Ontologie de L'Enfance est l'un des jolis petits livres bilingues proposés par les Éditions du Rocher et qui mettent à disposition des textes et des auteurs russes qui sortent un peu des sentiers battus. Ici l'on ne déroge pas à la règle avec un sacré petit livre qui remue bien tous les souvenirs savamment sédimentés au fond de nos mémoires.
Pelevine nous invite à réfléchir pour savoir comment s'élabore dans notre conscience le concept flou de " paradis perdu " de l'enfance, voire, à la notion même d'enfance et/ou de bonheur qui y est souvent associé. Ce faisant il décortique les mécanismes de la perception : ceux qu'ils étaient quand nous étions enfant sur tel et tel objet, et ceux qu'ils sont désormais à travers nos yeux d'adultes, appliqués aux mêmes objets, qui en tous points sont demeurés les mêmes.
Ce serait déjà une expérience littéraire intéressante mais l'auteur va encore plus loin. Il déroule sa narration comme s'il s'agissait d'exemples autobiographiques, donc ayant leurs caractéristiques propres, qu'on ne questionne pas trop au départ, puis, au fur et à mesure, on se rend compte que l'enfant dont il nous parle a grandi dans l'espace éminemment cloisonné d'une prison de l'ère soviétique.
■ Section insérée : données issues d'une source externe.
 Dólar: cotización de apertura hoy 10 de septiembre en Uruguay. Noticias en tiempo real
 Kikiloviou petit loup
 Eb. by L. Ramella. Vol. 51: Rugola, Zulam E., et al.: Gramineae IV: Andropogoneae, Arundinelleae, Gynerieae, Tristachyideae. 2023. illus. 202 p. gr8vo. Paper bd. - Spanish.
Et l'intéressant de l'expérience, c'est que pour cet enfant, cette vie dans les locaux et l'atmosphère pénitentiaires EST la normalité, et, comme composante normale d'une vie d'enfant, elle est liée à un certain bonheur et une certaine joie de vivre. Ce n'est qu'en grandissant que la perception se modifie et que les lieux et les objets prennent une autre signification.
Ce faisant, dans la tête de l'individu dont l'ontologie s'est effectuée ici, ces images resteront indéfectiblement liées au " paradis perdu " de l'enfance. D'où une réflexion plus vaste, malgré le faible nombre de pages de l'ouvrage, sur ce qu'EST l'enfance. Peut-être n'est-ce qu'une perception, ou, plus précisément, une manière de percevoir, laquelle perception particulière à l'enfance ne devient perceptible à l'individu sur lui-même que quand la manière de percevoir de cet individu a changé.
Il y a encore bien d'autres éléments à glaner dans ce petit livre et que je vous conseille, au sortir de cette période des fêtes de fin d'année, dont notre perception dépend intimement de celle que nous en avions durant l'enfance… Ceci dit, ces menues réflexions ne sont que l'expression de ma propre perception, c'est-à-dire, bien peu de chose.